§ Task requirements: Look below for the line with "Цуценята хаскі плюс Східносибірська лайка"; begin the copy there and stop after the line with "Ladybug sitting on the leaf of a thistle", keeping the text exact and the pictures out.

§ Supplied records:
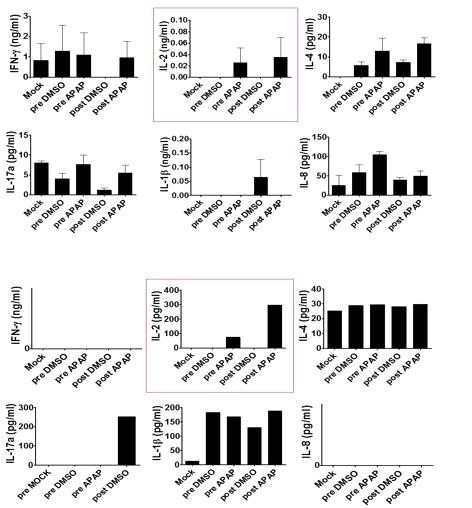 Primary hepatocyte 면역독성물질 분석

--

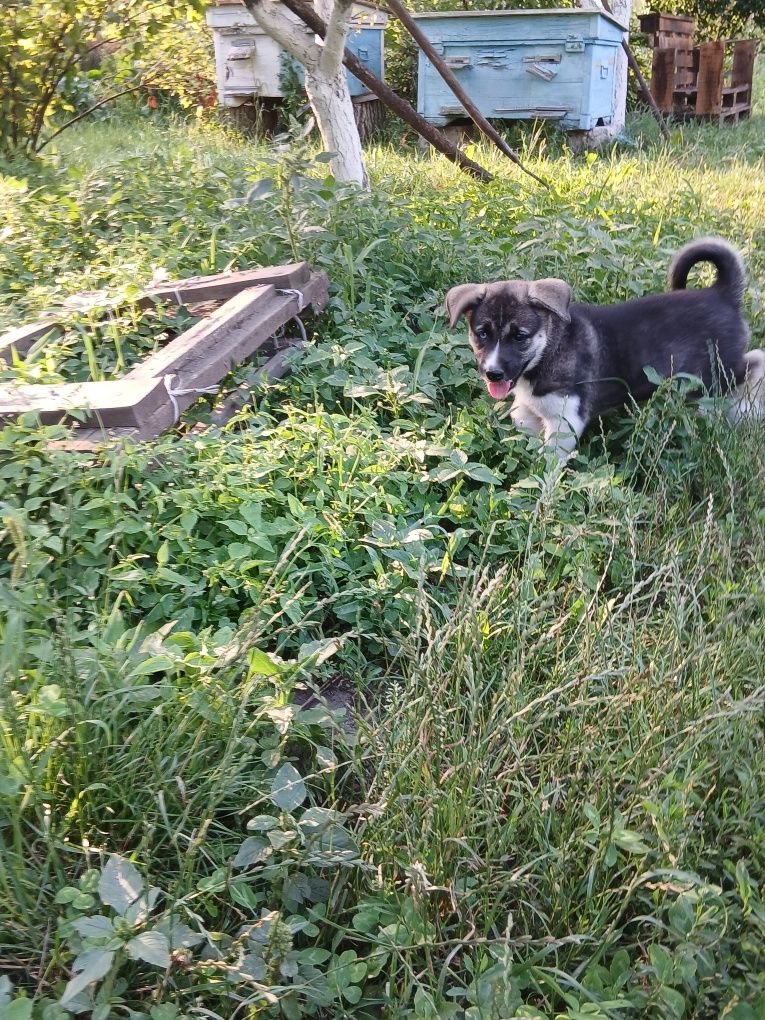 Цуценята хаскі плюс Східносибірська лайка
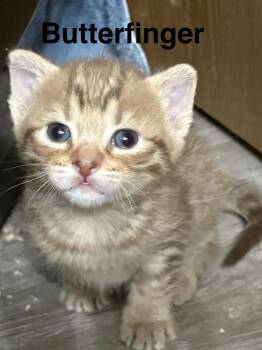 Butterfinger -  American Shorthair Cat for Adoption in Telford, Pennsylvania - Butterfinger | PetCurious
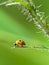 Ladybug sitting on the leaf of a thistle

...

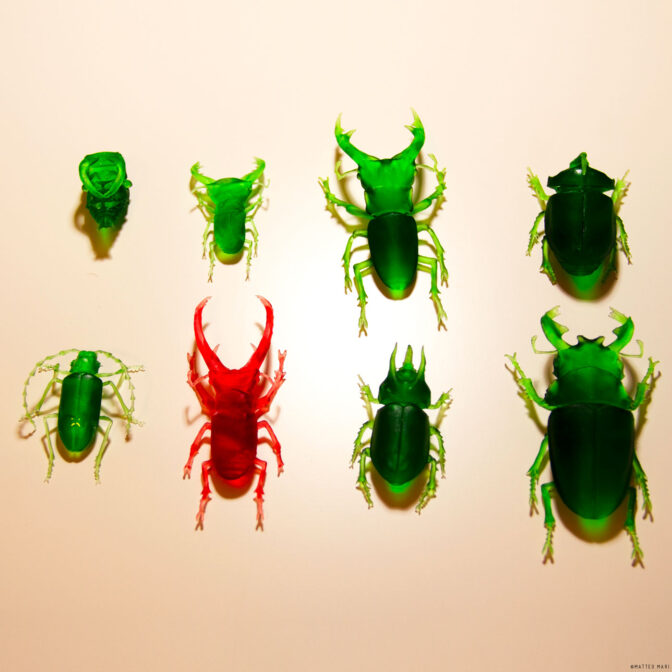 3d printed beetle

§ Exercise output:
 Цуценята хаскі плюс Східносибірська лайка
 Butterfinger -  American Shorthair Cat for Adoption in Telford, Pennsylvania - Butterfinger | PetCurious
 Ladybug sitting on the leaf of a thistle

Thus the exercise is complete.